**Task objective**
Exactly retype the lines below from the one containing "ELETTROSERRATURA TRIPLICE INFIL." through the end of the listing. Leave pictures out.

**Data to examine**
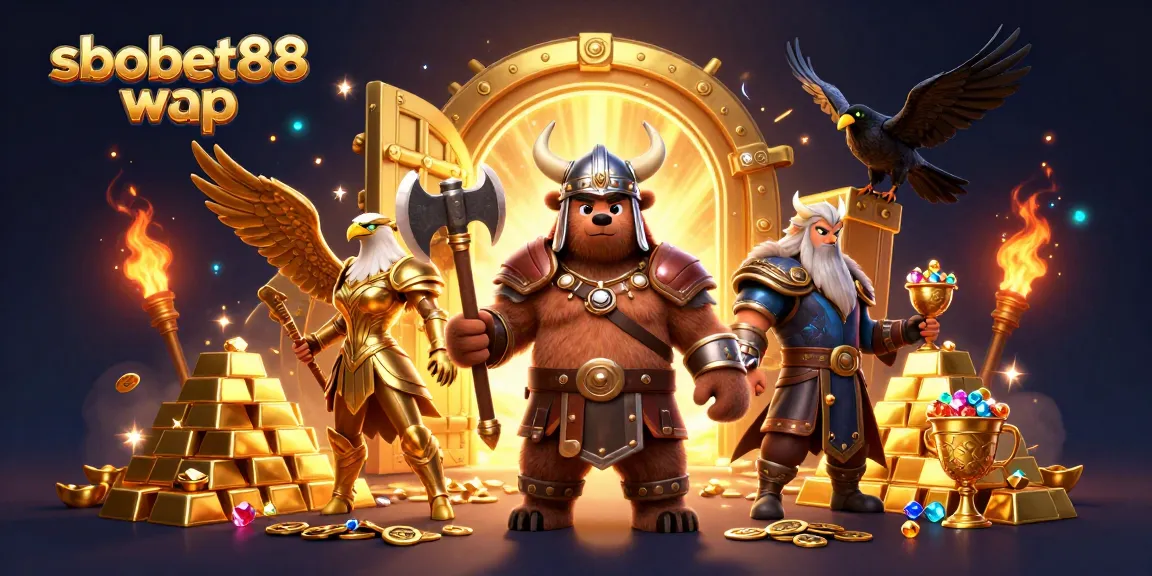 Experience sbobet88 wap with 3D Viking and Valkyrie amidst treasure and gaming elements in a vibrant casino scene.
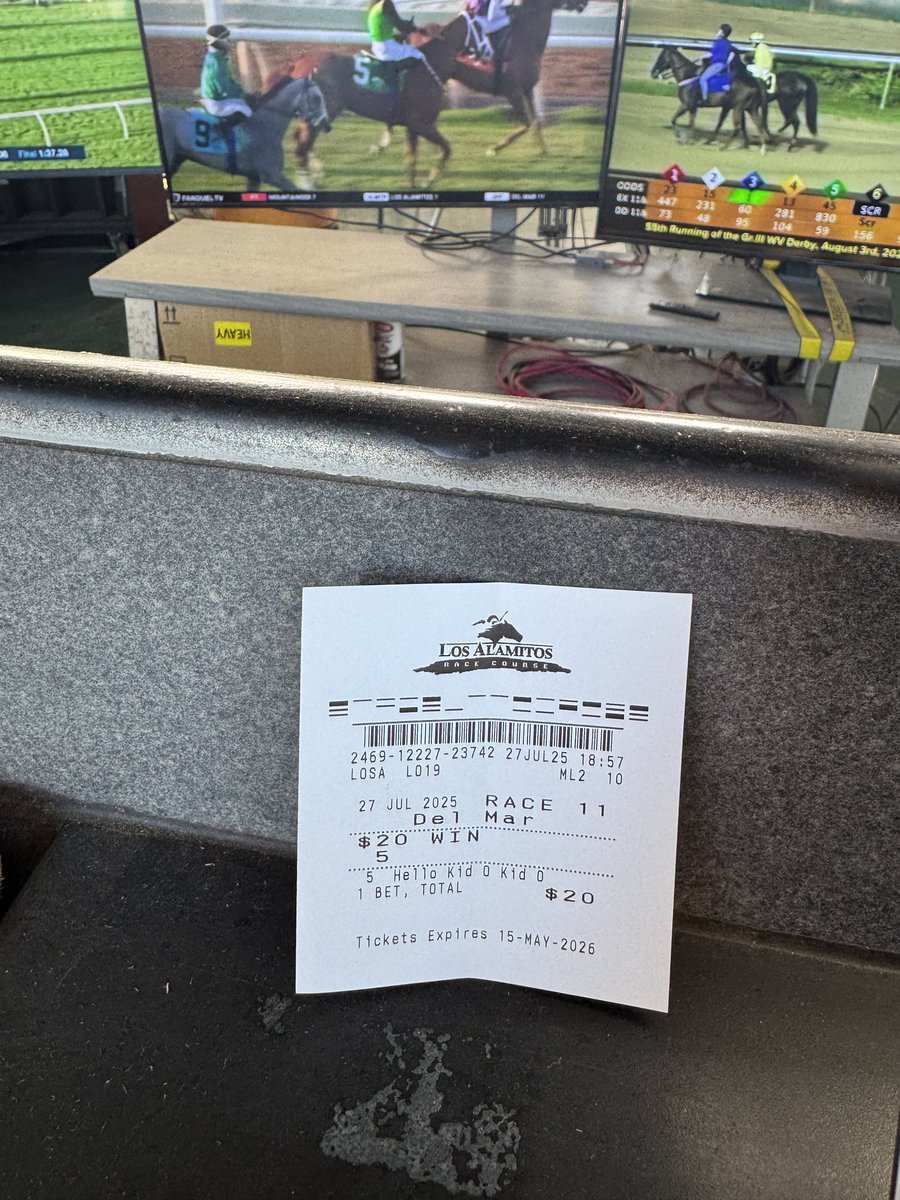 JJ Hernandez 💪….but wasn’t he 7/2 at the gate?? Went off at 9/5 🤦🏻‍♂️. 

5of6 in the pick-6 😔 (6of6 paid $5,340.40)

#CmonJose
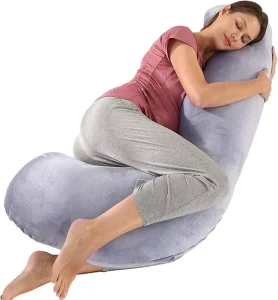 Pregnancy Pillow for Sleeping Maternity Body Pillow with Cooling Cover Support Back Hips Legs Belly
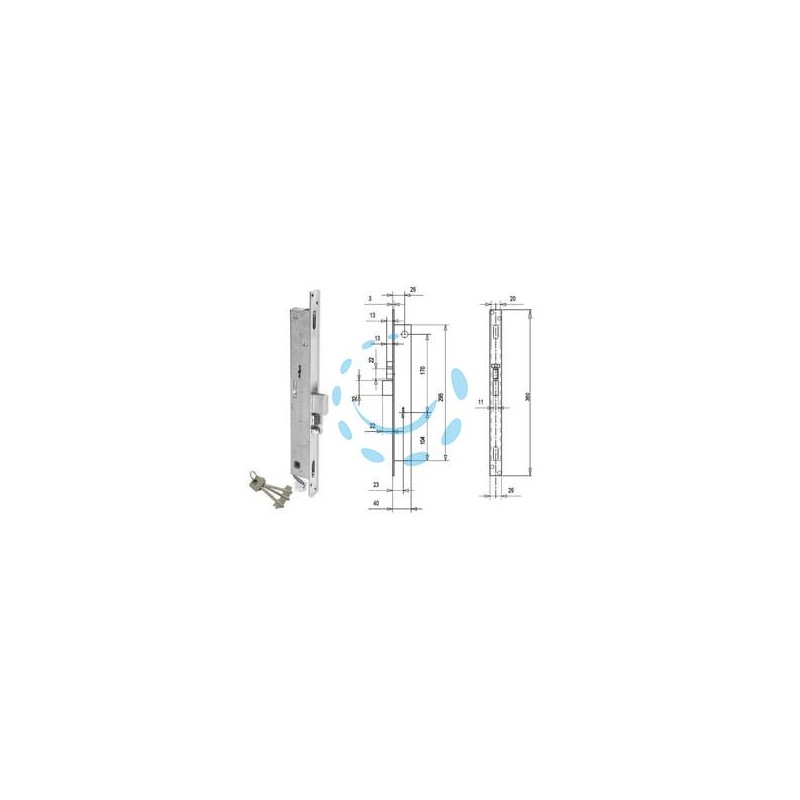 ELETTROSERRATURA TRIPLICE INFIL. PER MONTANTI D/M CATEN. E SCR. F6703 - mm.23 (F6703)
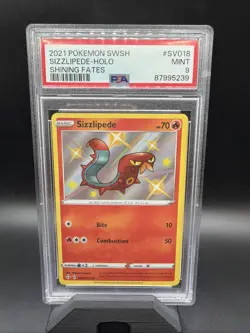 2021 POKEMON SWORD & SHIELD SHINING FATES #SV018 SIZZLIPEDE-HOLO PSA 9 - Image 1
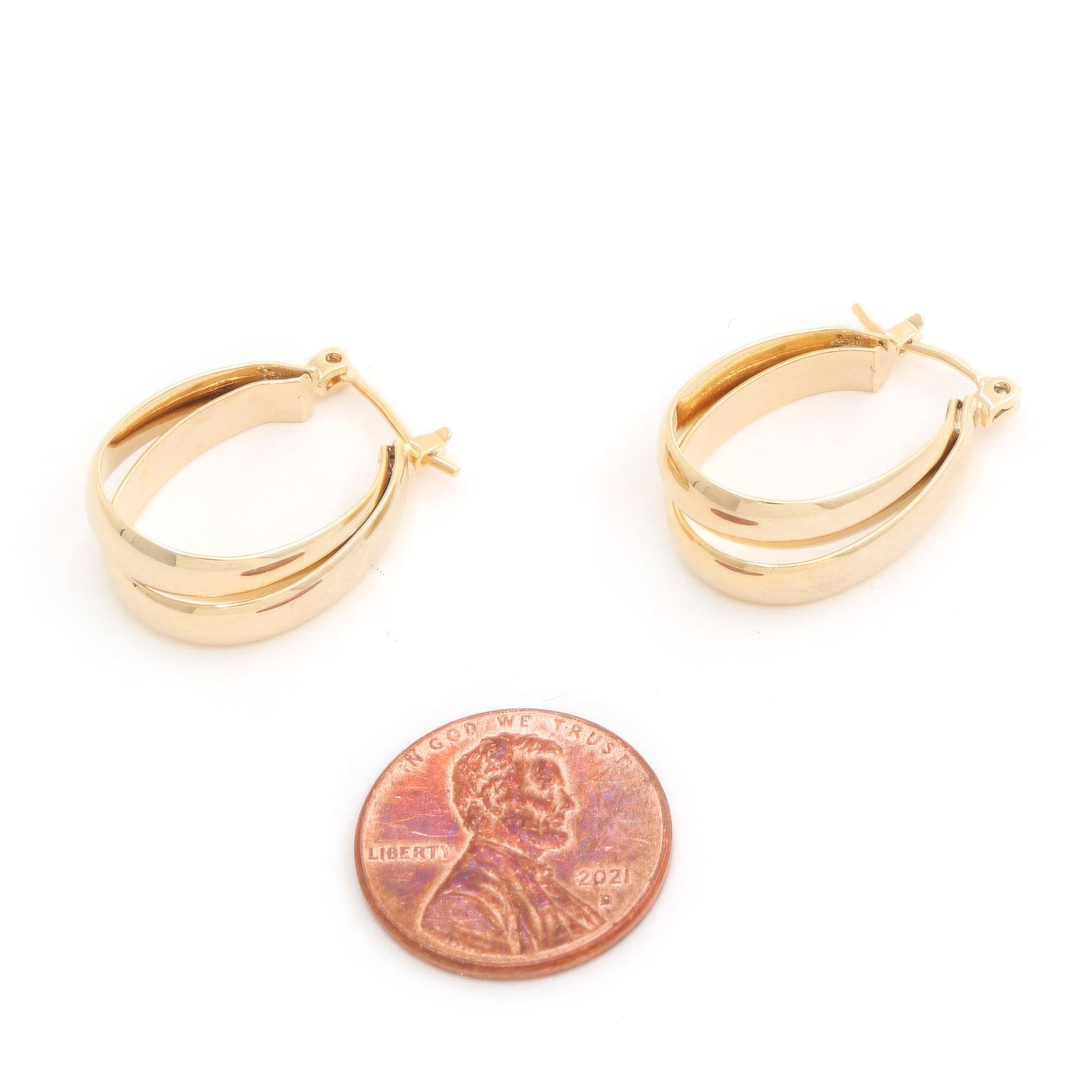 Sodajo Double Oval Hoop Gold Dipped Earring - Nova Store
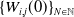 left brace upper W Subscript i comma j Baseline left parenthesis 0 right parenthesis right brace Subscript upper N element of double struck upper N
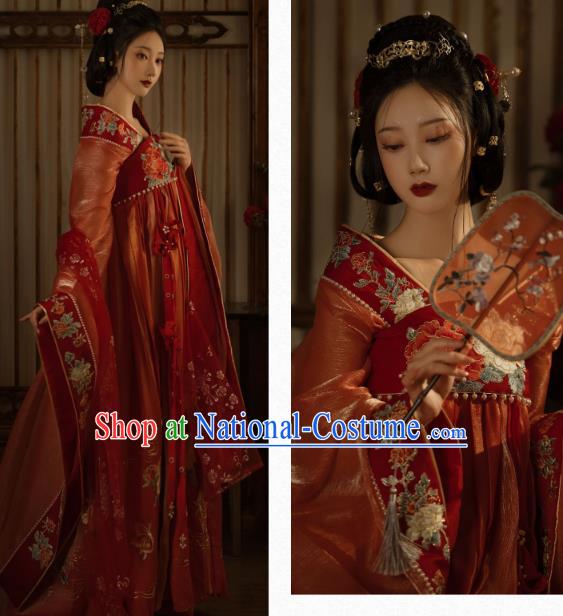 China Traditional Jin Dynasty Imperial Concubine Historical Clothing Ancient Court Woman Red Hanfu Dress Garments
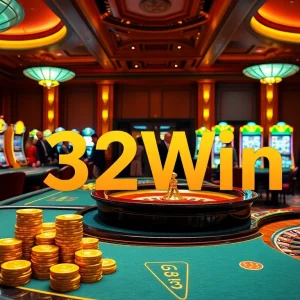 Experience the thrilling excitement of 32Win as players engage in luxurious casino games with vibrant neon lights.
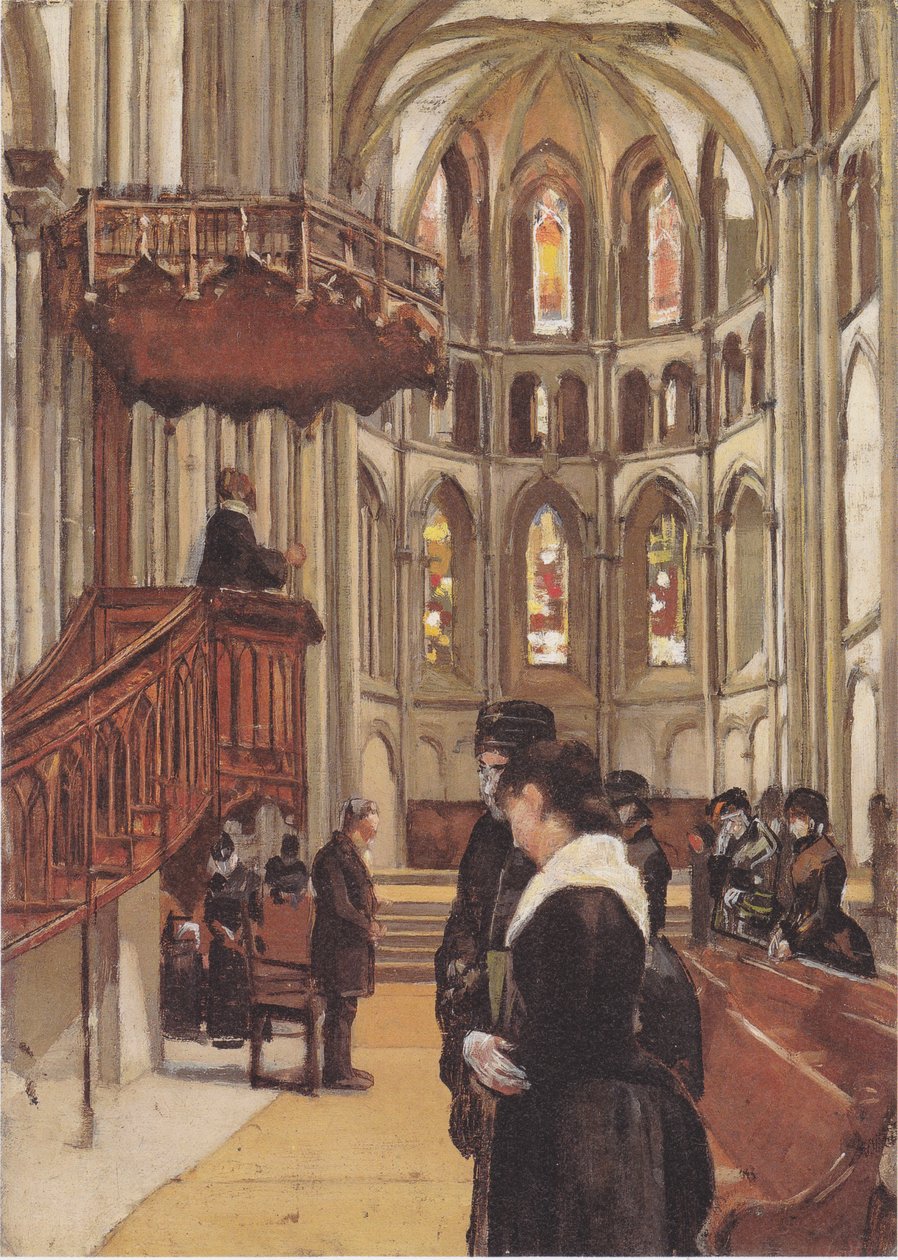 Modlitwa w katedrze Saint-Pierre w Genewie autorstwa Ferdinand Hodler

**Written reply**
 ELETTROSERRATURA TRIPLICE INFIL. PER MONTANTI D/M CATEN. E SCR. F6703 - mm.23 (F6703)
 2021 POKEMON SWORD & SHIELD SHINING FATES #SV018 SIZZLIPEDE-HOLO PSA 9 - Image 1
 Sodajo Double Oval Hoop Gold Dipped Earring - Nova Store
 left brace upper W Subscript i comma j Baseline left parenthesis 0 right parenthesis right brace Subscript upper N element of double struck upper N
 China Traditional Jin Dynasty Imperial Concubine Historical Clothing Ancient Court Woman Red Hanfu Dress Garments
 Experience the thrilling excitement of 32Win as players engage in luxurious casino games with vibrant neon lights.
 Modlitwa w katedrze Saint-Pierre w Genewie autorstwa Ferdinand Hodler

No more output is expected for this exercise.